### HOW TO COMPLETE THIS TASK
Reproduce verbatim every line from the one that includes "The scene of" to the closing line of the entries; omit everything before it.

### EXTRACTED RECORDS
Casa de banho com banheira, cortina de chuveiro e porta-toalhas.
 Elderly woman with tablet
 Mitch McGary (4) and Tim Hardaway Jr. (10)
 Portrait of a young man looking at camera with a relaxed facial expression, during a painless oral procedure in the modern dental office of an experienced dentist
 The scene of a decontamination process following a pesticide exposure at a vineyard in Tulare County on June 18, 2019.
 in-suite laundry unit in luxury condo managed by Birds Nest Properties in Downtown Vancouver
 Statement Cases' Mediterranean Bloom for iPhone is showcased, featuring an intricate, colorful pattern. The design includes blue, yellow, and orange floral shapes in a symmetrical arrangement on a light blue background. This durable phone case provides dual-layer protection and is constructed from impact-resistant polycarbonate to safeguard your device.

### RESULT OF THIS EXERCISE
 The scene of a decontamination process following a pesticide exposure at a vineyard in Tulare County on June 18, 2019.
 in-suite laundry unit in luxury condo managed by Birds Nest Properties in Downtown Vancouver
 Statement Cases' Mediterranean Bloom for iPhone is showcased, featuring an intricate, colorful pattern. The design includes blue, yellow, and orange floral shapes in a symmetrical arrangement on a light blue background. This durable phone case provides dual-layer protection and is constructed from impact-resistant polycarbonate to safeguard your device.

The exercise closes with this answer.